Prof De Wet said one of the aims of the ICDF is to work in partnership with industry, communities and government thereby co-creating a fully immersed digital future where the world of “the digital” becomes accessible and useful to a wide range of agents. According to her, the UFS aims to create the development and application of expertise in both social scientific and technical competencies of the digital in all its various forms through the functioning of the ICDF. The ICDF wants to take a lead in creating this immersed and socially responsive and relevant digital future. 

“At the UFS, like everywhere in the world, we have to engage with everything digital and the so-called 4IR, because it is inevitably going to touch all aspects of our lives. We’ve got a good track record of previous engagements with the Free State Department of Health and would like to take it further. It is important for us to get input from the government, private sector, and the community because everything digital touches on so many things of all of our lives. 

“From a university point of view, it is extremely important to understand that we cannot do this in a meaningful way, if we don’t engage with it from an interdisciplinary point of view. Interdisciplinary is the way to go, it is the future on how we broach difficult and relevant questions. If we are not doing this, we are not doing what we are supposed to do to respond to pressing social needs,” said Prof de Wet.

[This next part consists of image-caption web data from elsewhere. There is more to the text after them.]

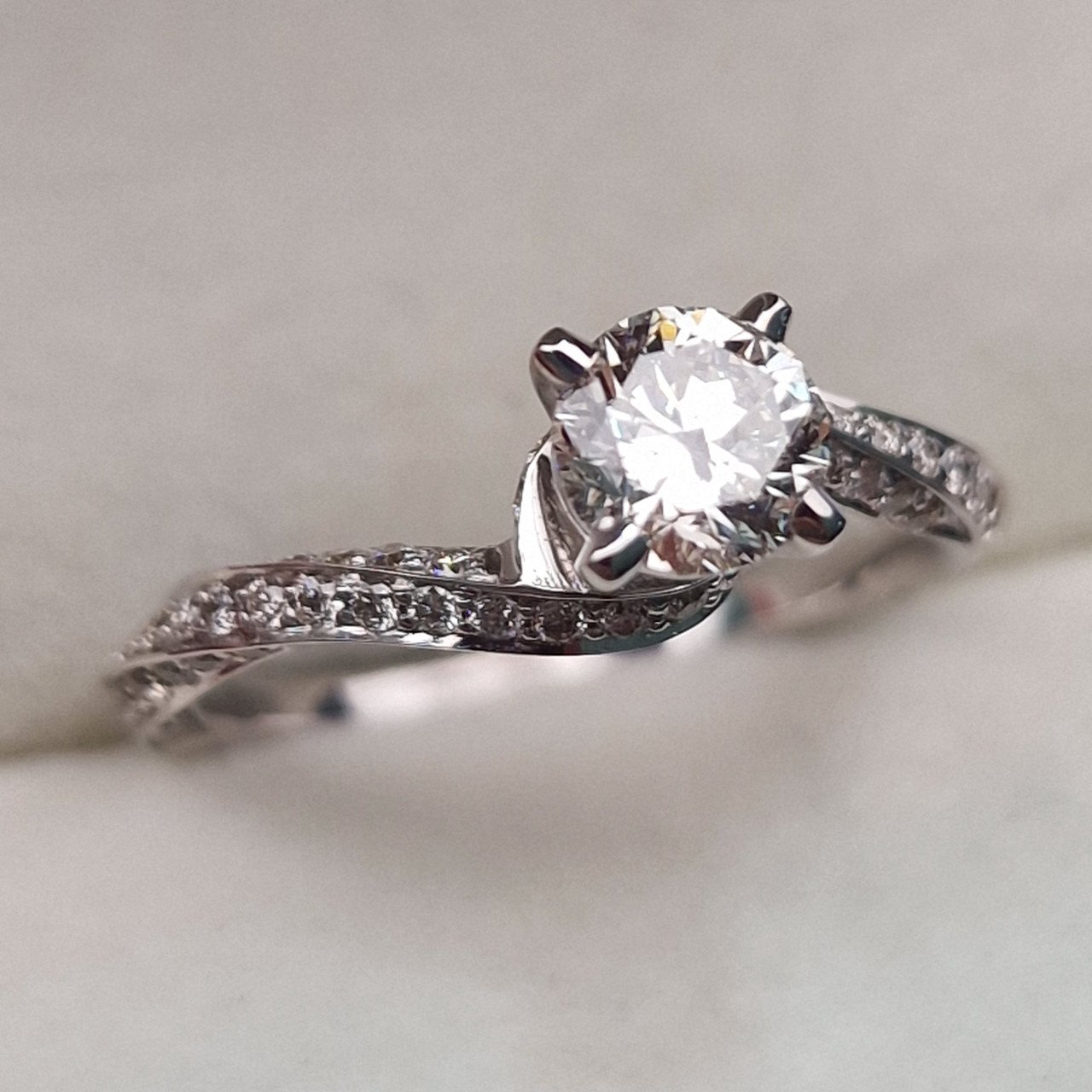 Кольцо Deimantas 103329480 16,5р 2,94гр 1.00ct. купить,NaN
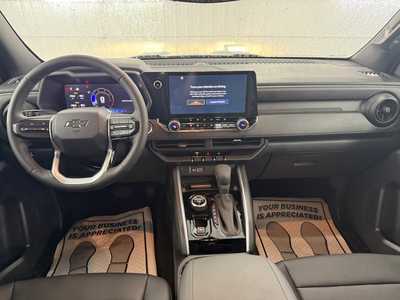 2026 Chevrolet Colorado Crew Cab, $46070.0. Photo 9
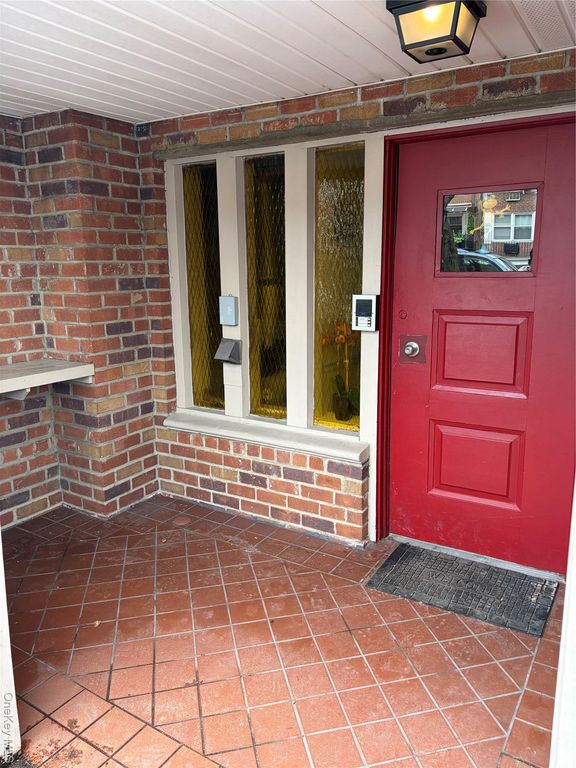 144-50 25th Road, Flushing, NY 11354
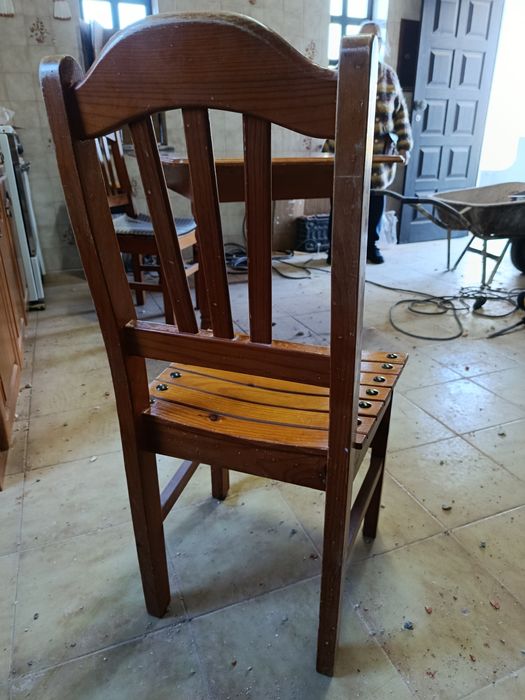 Conjunto mesa com 6 cadeiras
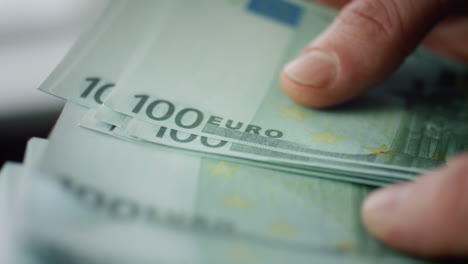 Manos-De-Primer-Plano-Contando-Dinero-En-Efectivo.-Hombre-Cajero-Con-Billetes-De-Moneda-Europea.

Combrink said to make this happen, the ICDF has a few working groups, all of which are developed in-house. One of these working groups is the Ethics and Governance group and has two conveners in Dr Michael Pienaar, senior lecturer and specialist in the department of Paediatrics and Child Health, and Dr Susan Brokensha, a social linguist and researcher and a senior lecturer in Humanities. The other working groups in the ICDF are focused on the Digital Backbone, convened by Dr Martin Clark, lecturer in the department of Geology – which works in close collaboration with other departments on campus including the eResearch group within ICT, led by Mr Albert van Eck. The two remaining groups have been focusing on building and innovating projects in Digital Health, Agriculture and Education. 

Excited about the future of the Centre 

Dr Vic Coetzee, Senior Director: Information and Communication Technology Services at the UFS said he is excited about the future of the Centre of which ITC is an important part of. “I am excited for the reason that it’s a new development and because we are bringing in dimensions never used by the university. I think where we are going globally, we can collectively be market leaders in South Africa in this regard and that excites me.”

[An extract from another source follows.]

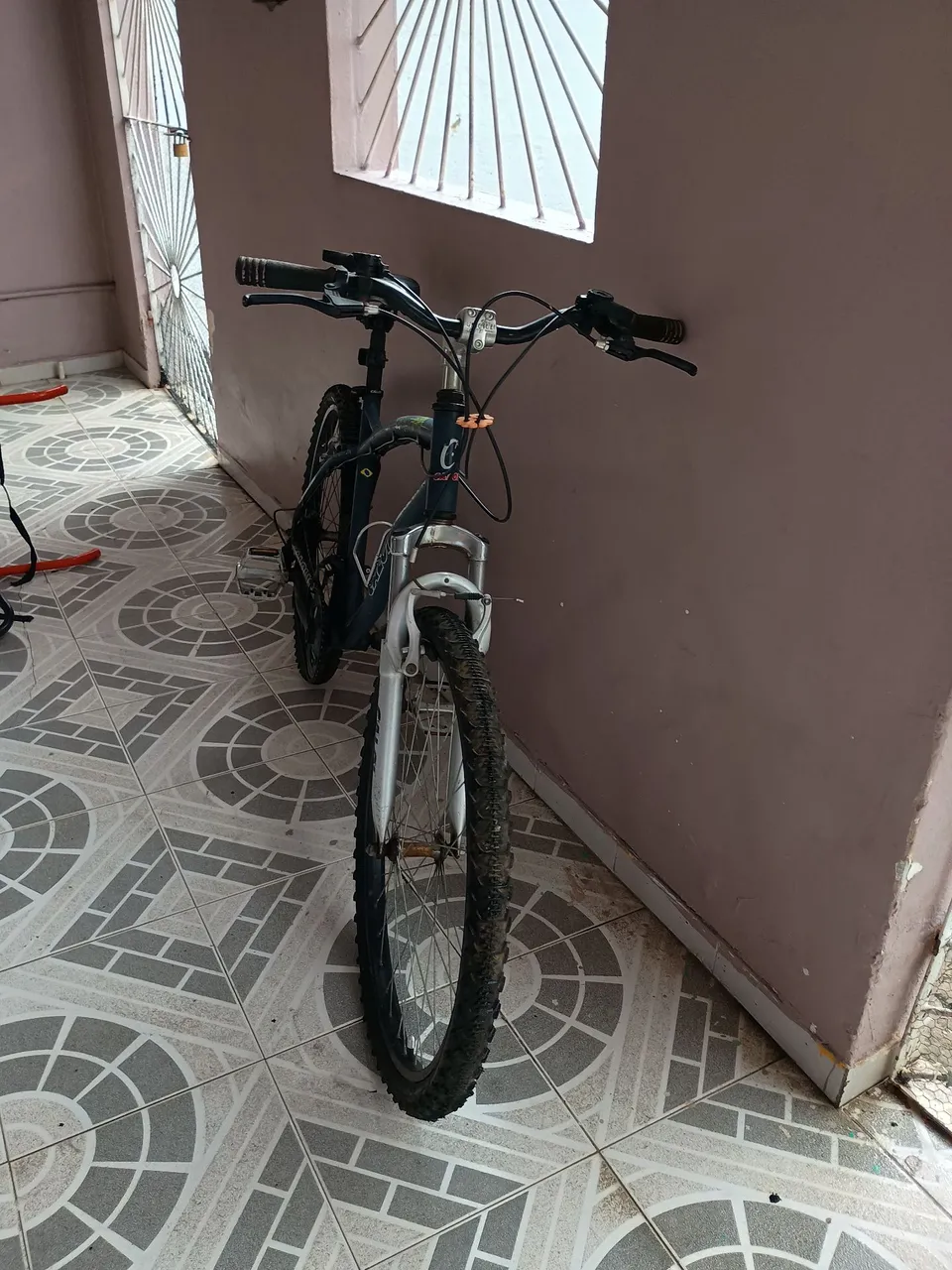 Caloi city com suporte de transporte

Mondli Mvambi, head of communications at the FSDOH, said this is a unique platform. He added: “When we saw this opportunity, it answered one of our long-standing questions of how do we get real information and data out there to the people so that in a state of a pandemic they are able to take timely decisions to save lives.” 

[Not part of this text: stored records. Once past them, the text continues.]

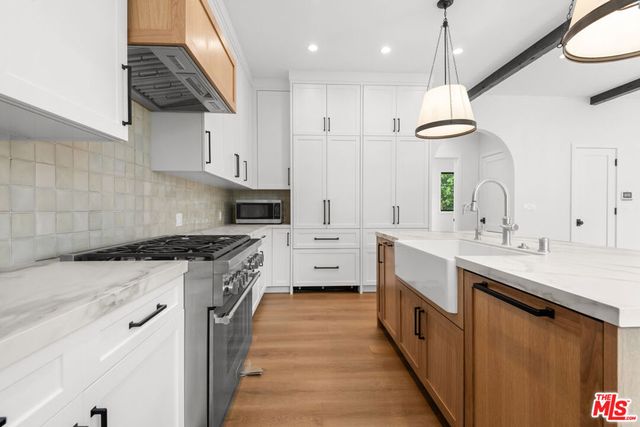 930 Lincoln Boulevard B, Santa Monica, CA 90403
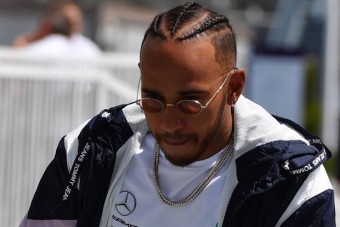 F1: Ezzel a rózsaszín hacukával sokkolt Hamilton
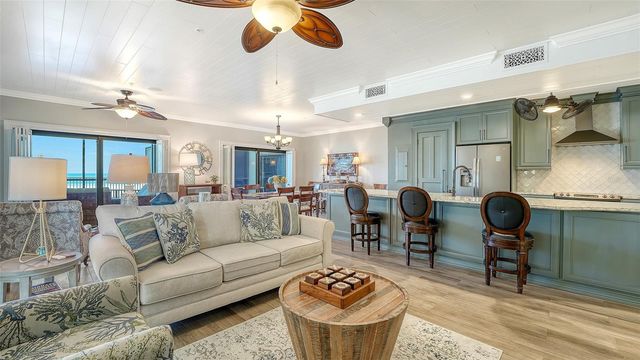 1100 BENJAMIN FRANKLIN DRIVE 204, Sarasota, FL 34236
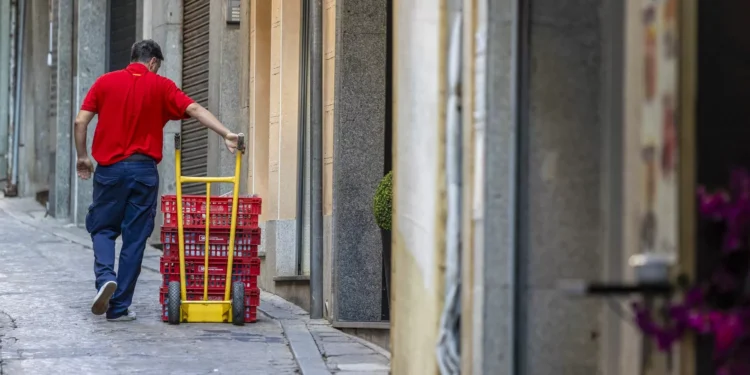 Número de desempregados nos centros de emprego cai 10,8% em dezembro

His colleague, Bandile Ntombela, Director ICT at the FSDOH, said the gradual transition from going from a traditional IT outfit to really delivering health through digital health, has been keeping them busy over the past few years and going forward. He is therefore inspired by the ICDF to bring everyone together for some of the challenges in digital health. 
In her closing remarks, Prof Corli Witthuhn, Vice-Rector: Research and Internationalisation, said she is excited about the new Centre and thinks there is a lot of opportunity to capitalise on. According to her, the interdisciplinarity is stimulating and that the research, the direction the Centre needs to go, as well as seeing various areas working together, holds a lot of potential. Prof Witthuhn said that through these endeavours, she hopes for a long-term partnership rather than a short-term relationship with the FSDOH.